Un poète français l’avait devancé en 1912 quand il écrivit : « faut-il qu’il m’en souvienne. La joie venait toujours après la peine ». Les dictons populaires ne sont pas en reste : « Après la pluie , le beau temps ».
C’est comme si l’on se frappait la tête à coups de marteau, juste pour sentir le plaisir  quand cessent les coups.
Autrement dit, on trouve une scène  plus belle, plus gratifiante si elle côtoie (en peinture), ou si elle suit (en littérature) une scène menaçante ou désagréable.
Je nomme ce phénomène : « rupture de thèmes ». Ce processus n’est toutefois pas généralisable.
Donnons des exemples pour les arts majeurs :

1°.- Pour la littérature, les beaux romans d’amour ou les romans policiers fonctionnent en rompant le thème,  dans le temps. Une première partie expose des amours malheureux ou des crimes affreux.
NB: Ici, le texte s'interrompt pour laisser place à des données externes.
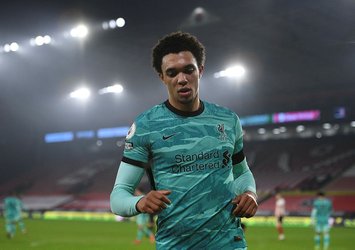 Liverpool'dan Arnold'a yeni sözleşme!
Heureusement l’œuvre qui plait, finit par une deuxième partie  réjouissante, une « happy end ».
On nous objectera que la pièce « Romeo &  Juliette » se termine par deux décès ! Mais le lecteur aura vite compris que leur bonheur est éternel dans l’au-delà !

2°.- Pour la peinture, cette rupture doit avoir lieu dans l’espace restreint de la toile.
Regardons le célèbre tableau d’Eugène Delacroix(1830) « La liberté guidant le peuple » où l’on voit, en second plan, la foule menaçante et, en premier plan une jolie femme triomphante, joyeuse brandissant le  drapeau national.

Autre exemple pictural, « Ulysse et les Sirènes » (H.J.Draper 1909) où l’on voit en second plan, le pauvre Ulysse attaché au mât de son bateau pour ne pas rejoindre les jolies sirènes avenantes que l’on voit au premier plan ;

 

3°.-Dans le théâtre tragique, l’exposition des comportements blâmables causes du drame sert à purifier les spectateurs  , à les « purger »  des passions (catharsis). La pièce sera jugée belle si l’effet en est le perfectionnement du spectateur, soit en terme spinozien, l’augmentation de sa puissance d’être ou Conatus CE.

3°.- Pour l’architecture, la symétrie d’un bâtiment nous rassure et nous pouvons le trouver beau. Par contre, nous aurons tendance à trouver laid une bâtisse de guingois que l’on ressent menaçante, inconsciemment.

4°.- Pour la musique, qu’est ce qui nous pousse à aimer une œuvre musicale ?
Le plaisir vient de la fin d’une attente. Toute phrase mélodique s’écoute dans l’attente de l’accord final qui est en général l’accord parfait sur la tonique.
La musique est ATTENTE et toute attente dénote une crainte qui s’évanouit avec l’occurrence de cette tonique.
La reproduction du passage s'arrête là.